This is an Italian film directed by Luca Guadagnino who was responsible for the excellent and intense Call Me by Your Name. This earlier film is actually the first part of what the director calls a trilogy and not only does it star Tilda Swinton but it appears that the well known Hollywood actress was heavily involved in every stage of the production. Unfortunately while this one is also about an intensely passionate romance, I found it too single-minded in its focus to really like.
Emma is a second generation member of the wealthy Recchi family in Milan. Russian-born, she is now married to Tancredi, eldest on of the family patriarch who founded the textile business that made them all rich. The family gathers one evening to celebrate the patriarch’s birthday and Emma’s son, Edoardo Jr., brings his girlfriend to meet his family. Antonio, a lowly cook, also makes an appearance. He had previously beaten Edoardo in some unnamed race earlier in the day much to everyone’s surprise and wanted to thank him for graciously admitting defeat by bringing a gift. The two become friends and Edoardo briefly introduces his mother to him.

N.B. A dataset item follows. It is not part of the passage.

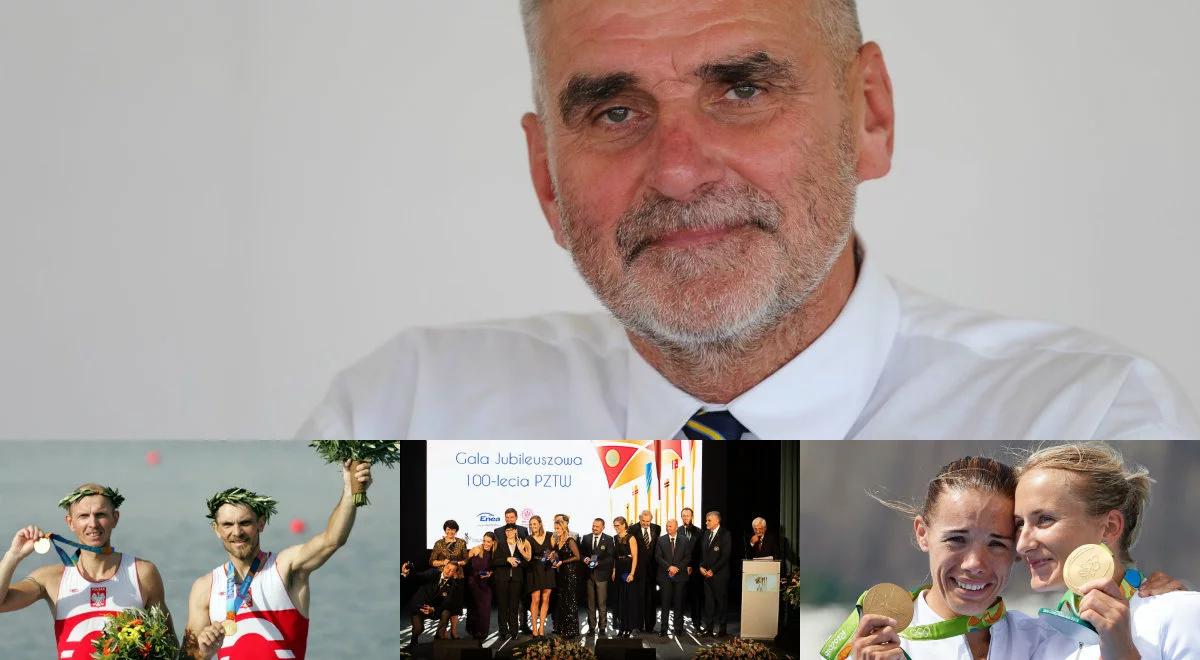 100 lat PZTW: Ryszard Stadniuk "sternikiem" polskich wioseł jest już trzecią dekadę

Some months later, Emma is having lunch in the restaurant where Antonio works and has a huge reaction. When she runs into him in the street in San Remo where his father owns some land, she feels an impulse to follow him. When he notices her, he offers to take her to his farm and predictably they begin having an affair.
As the film opens with lavish dinner party where we are introduced to a large number of characters all at once, it’s a little difficult to work out at first who the focus is on and where the story is going. There’s a bit of a Downton Abbey vibe as we watch the family members mingle while behind the scenes the many servants bustle to make sure everything runs perfectly. There are subplots aplenty, such as Emma realizing that her daughter is a lesbian, and Edoardo Jr. being at odds with his father over the direction of the firm after the death of the grandfather. But it is only when the affair kicks off between Emma and Antonio that you realize that this is indeed the focus of the entire film and everything else is a sideshow. The scene where Emma eats the food made by Antonio is singularly unlike any other shot in the film with its vivid colors and intense focus. I believe that the director’s intention is indeed to tell you that she falls in love with Antonio then and there just from eating that meal.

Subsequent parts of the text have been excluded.